Ruvinsky A, Eskesen S T, Eskesen F N, Hurst L D
Institute for Genetics and Bioinformatics, University of New England, Armidale 2351, NSW, Australia.
J Mol Evol. 2005 Jan;60(1):99-104. doi: 10.1007/s00239-004-0032-9.
More introns exist between codons (phase 0) than between the first and the second bases (phase 1) or between the second and the third base (phase 2) within the codon. Many explanations have been suggested for this excess of phase 0. It has, for example, been argued to reflect an ancient utility for introns in separating exons that code for separate protein modules. There may, however, be a simple, alternative explanation. Introns typically require, for correct splicing, particular nucleotides immediately 5' in exons (typically a G) and immediately 3' in the following exon (also often a G). Introns therefore tend to be found between particular nucleotide pairs (e.g., G|G pairs) in the coding sequence. If, owing to bias in usage of different codons, these pairs are especially common at phase 0, then intron phase biases may have a trivial explanation. Here we take codon usage frequencies for a variety of eukaryotes and use these to generate random sequences. We then ask about the phase of putative intron insertion sites. Importantly, in all simulated data sets intron phase distribution is biased in favor of phase 0. In many cases the bias is of the magnitude observed in real data and can be attributed to codon usage bias. It is also known that exons may carry either the same phase (symmetric) or different phases (asymmetric) at the opposite ends. We simulated a distribution of different types of exons using frequencies of introns observed in real genes assuming random combination of intron phases at the opposite sides of exons. Surprisingly the simulated pattern was quite similar to that observed. In the simulants we typically observe a prevalence of symmetric exons carrying phase 0 at both ends, which is common for eukaryotic genes. However, at least in some species, the extent of the bias in favor of symmetric (0,0) exons is not as great in simulants as in real genes. These results emphasize the need to construct a biologically relevant null model of successful intron insertion.

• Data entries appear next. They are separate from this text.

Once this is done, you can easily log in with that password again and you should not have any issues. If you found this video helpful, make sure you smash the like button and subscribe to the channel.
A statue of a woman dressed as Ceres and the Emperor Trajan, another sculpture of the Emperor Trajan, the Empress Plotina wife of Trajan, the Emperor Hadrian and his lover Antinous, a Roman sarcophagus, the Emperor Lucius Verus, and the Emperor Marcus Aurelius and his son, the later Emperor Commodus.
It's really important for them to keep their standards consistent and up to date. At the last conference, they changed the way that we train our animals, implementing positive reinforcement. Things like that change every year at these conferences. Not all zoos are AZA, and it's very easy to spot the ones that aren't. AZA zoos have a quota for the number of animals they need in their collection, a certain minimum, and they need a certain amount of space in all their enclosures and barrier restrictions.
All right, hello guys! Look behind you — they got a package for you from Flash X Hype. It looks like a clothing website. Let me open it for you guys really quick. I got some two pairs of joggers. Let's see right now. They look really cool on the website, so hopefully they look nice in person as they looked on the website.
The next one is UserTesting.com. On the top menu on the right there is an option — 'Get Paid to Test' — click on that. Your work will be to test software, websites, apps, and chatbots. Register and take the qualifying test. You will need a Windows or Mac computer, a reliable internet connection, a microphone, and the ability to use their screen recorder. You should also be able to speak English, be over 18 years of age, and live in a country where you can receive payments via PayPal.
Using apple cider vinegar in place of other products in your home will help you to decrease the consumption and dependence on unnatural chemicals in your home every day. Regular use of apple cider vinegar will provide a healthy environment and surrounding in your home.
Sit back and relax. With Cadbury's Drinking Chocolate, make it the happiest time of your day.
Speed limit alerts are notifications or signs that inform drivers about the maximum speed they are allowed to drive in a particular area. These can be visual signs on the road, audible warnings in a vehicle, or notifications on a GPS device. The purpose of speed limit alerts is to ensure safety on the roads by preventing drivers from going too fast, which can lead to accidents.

密码子之间(0相)存在的内含子比密码子内第一个和第二个碱基之间(1相)或第二个和第三个碱基之间(2相)更多。对于这种0相内含子过多的现象,人们提出了许多解释。例如,有人认为这反映了内含子在分离编码不同蛋白质模块的外显子方面的古老作用。然而,可能存在一个简单的替代解释。内含子通常需要在外显子紧邻5'端(通常是一个G)和下一个外显子紧邻3'端(通常也是一个G)有特定的核苷酸才能正确剪接。因此,内含子倾向于出现在编码序列中的特定核苷酸对之间(例如,G|G对)。如果由于不同密码子使用的偏差,这些对在0相特别常见,那么内含子相位偏差可能有一个简单的解释。在这里,我们获取了多种真核生物的密码子使用频率,并利用这些频率生成随机序列。然后我们研究假定的内含子插入位点的相位。重要的是,在所有模拟数据集中,内含子相位分布都偏向于0相。在许多情况下,这种偏差的程度与实际数据中观察到的相当,并且可以归因于密码子使用偏差。还已知外显子在相对的两端可能具有相同的相位(对称)或不同的相位(不对称)。我们使用在真实基因中观察到的内含子频率,假设外显子相对两侧的内含子相位随机组合,模拟了不同类型外显子的分布。令人惊讶的是,模拟模式与观察到的模式非常相似。在模拟中,我们通常观察到两端都携带0相的对称外显子占优势,这在真核基因中很常见。然而,至少在某些物种中,模拟中偏向对称(0,0)外显子的偏差程度不如真实基因中那么大。这些结果强调了构建一个与成功内含子插入相关的生物学有效零模型的必要性。